(GOAL OF THE EXERCISE) In the listing below, start your output at the line with "9T1407-331S-D評價好嗎遠 百 聯名 卡" and end it after the line with "PEACEHAVEN & TELSCOMBE", copying every line exactly.

(SOURCE MATERIAL)
——————

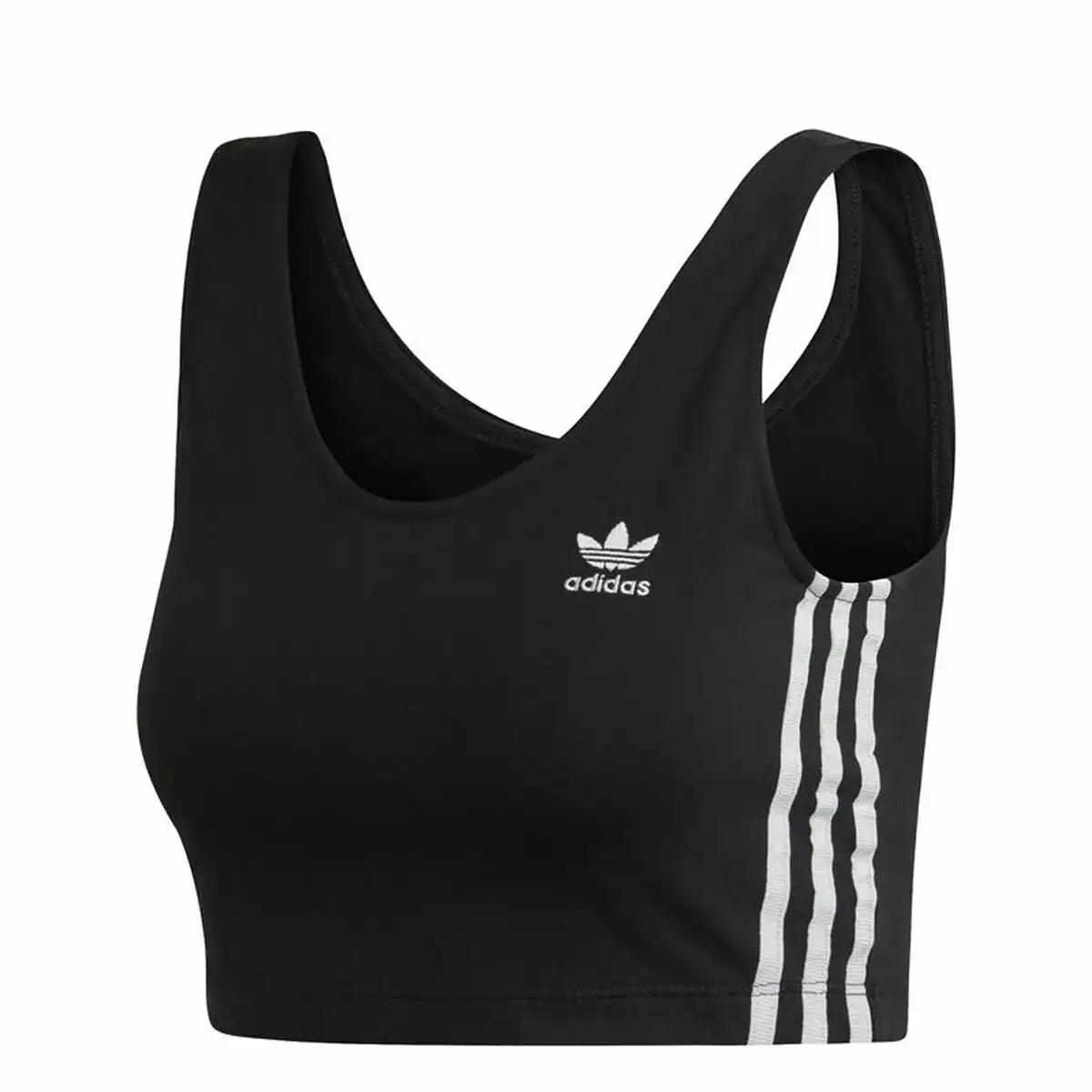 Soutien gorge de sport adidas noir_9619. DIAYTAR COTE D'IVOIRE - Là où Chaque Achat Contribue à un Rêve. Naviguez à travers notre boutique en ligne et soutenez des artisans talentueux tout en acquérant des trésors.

——————

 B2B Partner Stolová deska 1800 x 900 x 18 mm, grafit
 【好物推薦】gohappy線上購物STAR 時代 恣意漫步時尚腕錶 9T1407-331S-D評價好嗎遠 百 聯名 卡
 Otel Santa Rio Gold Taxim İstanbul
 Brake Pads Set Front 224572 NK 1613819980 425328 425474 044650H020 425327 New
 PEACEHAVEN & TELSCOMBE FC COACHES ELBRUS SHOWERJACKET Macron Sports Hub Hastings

——————

(OUTPUT)
 【好物推薦】gohappy線上購物STAR 時代 恣意漫步時尚腕錶 9T1407-331S-D評價好嗎遠 百 聯名 卡
 Otel Santa Rio Gold Taxim İstanbul
 Brake Pads Set Front 224572 NK 1613819980 425328 425474 044650H020 425327 New
 PEACEHAVEN & TELSCOMBE FC COACHES ELBRUS SHOWERJACKET Macron Sports Hub Hastings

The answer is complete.